John Wick: Chapter 4 (Laemmle Glendale, TCL
Chinese IMAX, March 2023) Twice in one week, both times with Emma, both times
overwhelming fun.
When Worlds Collide (Turner
Classic Movies Film Festival, April 2023) Bruce and I saw this fantastic
screening, hosted by the great sound designers Ben Burtt and Craig Barron. The
movie was really fun, featuring good actors (including the late Barbara Rush,
the cutest cutie pie in all of ‘50s cinema), terrific special effects and,
courtesy of our hosts, an overwhelmingly effective soundtrack retrofitted with
Burtt’s own version of Sensurround (BENSurround, of course) which fulfilled
George Pal’s dreams for the movie, as well as shook the shit out of our
internal organs and quite literally blew the side doors of the Hollywood Legion
Hall where we saw it wide open more than once.
Contempt (American Cinematheque at
the Los Feliz Theater, July 2023) My first time seeing Godard’s classic on the
big, wide screen. Brilliant.
Mission: Impossible—Dead Reckoning
Part 1 (AMC Media Center 8, Burbank, August 2023) Whoops,
we did it again!
Taste the Blood of Dracula and Frankenstein Must Be Destroyed (New
Beverly Cinema, October 2023) Fittingly, this great Hammer double bill,
featuring the best print of FMBD I think I’ve ever seen, was
the last time I attended the New Beverly Cinema to date. And just by chance, I
ran into Michael Torgan, who I hadn’t seen in a couple of years, and we got to
spend about a half hour talking outside before the movies began.
Oppenheimer (TCL
Chinese Theatre, August 2023) Before it became clear that Universal was going
to have to schedule more IMAX screenings, I grabbed the chance to get up at
4:30 on a Sunday morning and make my way onto a blessedly quiet Hollywood
Boulevard for a 6:00 a.m. IMAX screening of Christopher Nolan’s
soon-to-be-Oscar-winning hit. And that damn theater was packed. As much eerie
fun as a movie about the dawning of the end of the world could have possibly
been.
Stop Making Sense (two screenings, TCL Chinese Theatre, September 2023) The 40th-anniversary
rerelease afforded us two chances to see this masterpiece really big and loud.

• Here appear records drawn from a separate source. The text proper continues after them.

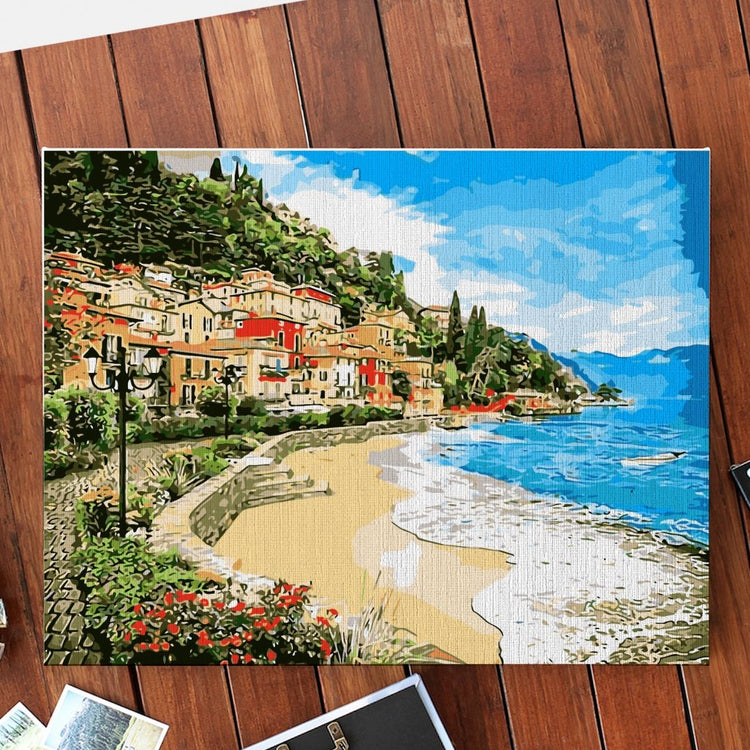 Vacation Vibes - Pictură pe numere - Pictorul Fericit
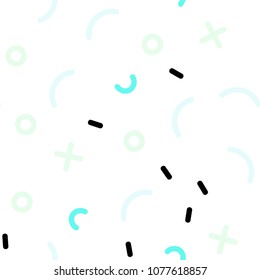 Light BLUE vector seamless template with geometric lines. Seamless gradient abstract lines on white background. Pattern for trendy fabric, wallpapers.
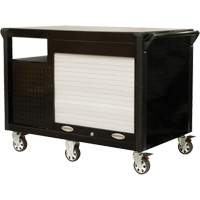 Industrial Cart, 12 Drawers, 31-5/8" L x 52-1/2" W x 40-1/4" H, Black/Orange PB Rental Co. Ltd.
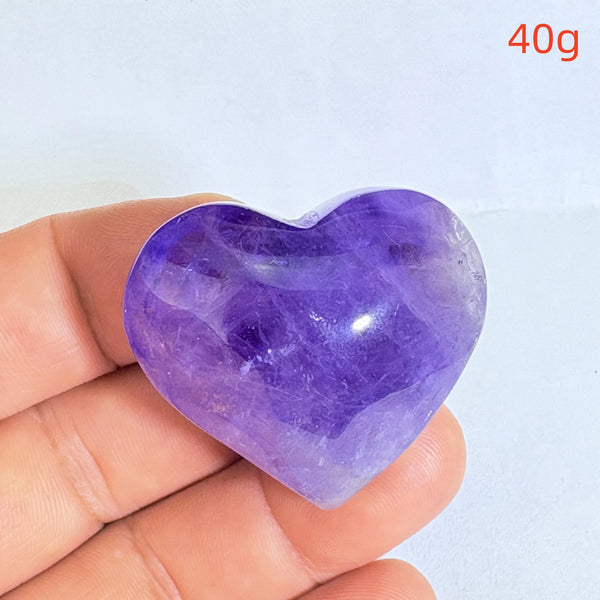 Purple Amethyst Hearts-ToShay.org
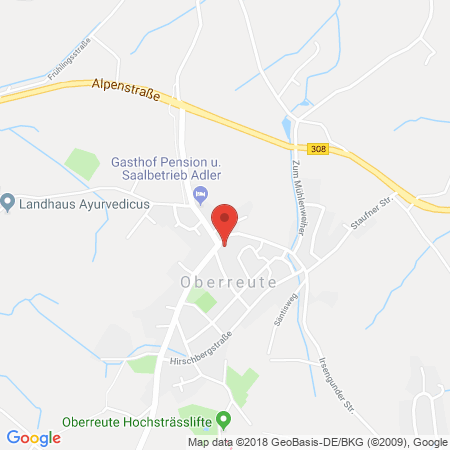 Kartenansicht AVIA Xpress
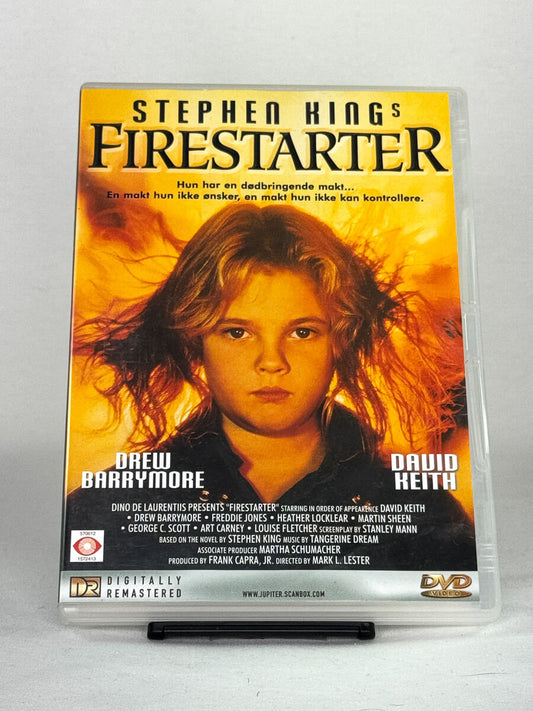 DVD-cover-forside til filmen Firestarter – Brukt DVD fra nettbutikken Brukbar Film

The second time Patty and I took Emma, but the first time was a pre-rerelease
screening timed to the Talking Heads reunion at the Toronto Film Festival,
where it was screening the same night. There were folks dancing on the Chinese
Theatre’s massive stage for the last two songs, and after the movie was
finished we were treated to a live feed from Toronto featuring all four Heads
interviewed post-TIFF-screening by Spike Lee.
Farewell, My
Concubine (Laemmle Glendale, September 2023) Once again,
thank you, my favorite neighborhood theater in my old neighborhood.
Ugetsu (Laemmle
Glendale, October 2023) My first time ever seeing this on the big screen. Is it
any wonder this theater is about the only thing I miss about Glendale?
1900 (Ted Mann Theater,
Academy Museum, November 2023) I packed a lunch and gave up an entire Saturday
to see the uncut 317-minute version of Bertolucci’s harrowing masterpiece (one
intermission between the officially segmented two parts) and it was some of the
most rewarding time I’ve ever spent in a theater.
Godzilla Minus
One (AMC Burbank 16, December 2023) Emma, Nonie and I
reveled in our first screening of this surprisingly great movie together, and
they were only slightly less surprised than I was that, after a nuanced and
terrifying story well told, the climax had me in racking sobs. So glad to see
it has now cleared the restrictions that have prevented it being screened in
the US (in the wake of its Best Special Effects Oscar win later in March) and
can be seen streaming and for digital purchase all over the place. But nothing
will ever beat seeing it in a theater, especially for the first time.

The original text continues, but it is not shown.